__What is being asked__:
From the listing below, retype exactly the line holding "2012 DODGE RAM", the line holding "GRACE CONTINENTAL 小笠原　春菜 コーディネート画像", and the lines between them; skip everything else.

__Data for the task__:

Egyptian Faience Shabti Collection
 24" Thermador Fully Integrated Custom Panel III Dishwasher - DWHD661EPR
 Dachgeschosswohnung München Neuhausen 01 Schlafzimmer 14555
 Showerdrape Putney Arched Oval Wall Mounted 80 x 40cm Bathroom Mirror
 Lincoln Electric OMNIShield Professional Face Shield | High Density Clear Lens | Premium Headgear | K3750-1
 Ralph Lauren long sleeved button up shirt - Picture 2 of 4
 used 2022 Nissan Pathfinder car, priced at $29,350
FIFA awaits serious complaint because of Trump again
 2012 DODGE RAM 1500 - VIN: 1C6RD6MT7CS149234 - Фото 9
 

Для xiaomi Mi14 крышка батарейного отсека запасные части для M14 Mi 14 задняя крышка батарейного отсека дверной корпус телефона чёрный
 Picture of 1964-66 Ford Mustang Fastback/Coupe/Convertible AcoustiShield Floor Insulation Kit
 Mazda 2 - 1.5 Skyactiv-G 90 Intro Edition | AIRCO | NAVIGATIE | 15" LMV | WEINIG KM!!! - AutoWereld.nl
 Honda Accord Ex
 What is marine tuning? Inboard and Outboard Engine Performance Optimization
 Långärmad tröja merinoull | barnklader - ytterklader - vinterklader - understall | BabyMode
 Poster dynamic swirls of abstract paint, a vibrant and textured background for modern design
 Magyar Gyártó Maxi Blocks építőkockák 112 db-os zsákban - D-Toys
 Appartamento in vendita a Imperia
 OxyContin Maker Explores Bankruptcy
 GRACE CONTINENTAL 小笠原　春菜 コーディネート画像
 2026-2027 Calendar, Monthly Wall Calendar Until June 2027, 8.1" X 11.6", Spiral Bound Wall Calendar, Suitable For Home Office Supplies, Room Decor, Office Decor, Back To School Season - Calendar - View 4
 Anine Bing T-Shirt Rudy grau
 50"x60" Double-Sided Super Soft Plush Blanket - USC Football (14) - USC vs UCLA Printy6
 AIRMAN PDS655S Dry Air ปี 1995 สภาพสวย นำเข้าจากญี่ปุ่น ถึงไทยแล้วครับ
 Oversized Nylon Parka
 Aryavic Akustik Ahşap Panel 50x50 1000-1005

__Output for this task__:
 2012 DODGE RAM 1500 - VIN: 1C6RD6MT7CS149234 - Фото 9
 

Для xiaomi Mi14 крышка батарейного отсека запасные части для M14 Mi 14 задняя крышка батарейного отсека дверной корпус телефона чёрный
 Picture of 1964-66 Ford Mustang Fastback/Coupe/Convertible AcoustiShield Floor Insulation Kit
 Mazda 2 - 1.5 Skyactiv-G 90 Intro Edition | AIRCO | NAVIGATIE | 15" LMV | WEINIG KM!!! - AutoWereld.nl
 Honda Accord Ex
 What is marine tuning? Inboard and Outboard Engine Performance Optimization
 Långärmad tröja merinoull | barnklader - ytterklader - vinterklader - understall | BabyMode
 Poster dynamic swirls of abstract paint, a vibrant and textured background for modern design
 Magyar Gyártó Maxi Blocks építőkockák 112 db-os zsákban - D-Toys
 Appartamento in vendita a Imperia
 OxyContin Maker Explores Bankruptcy
 GRACE CONTINENTAL 小笠原　春菜 コーディネート画像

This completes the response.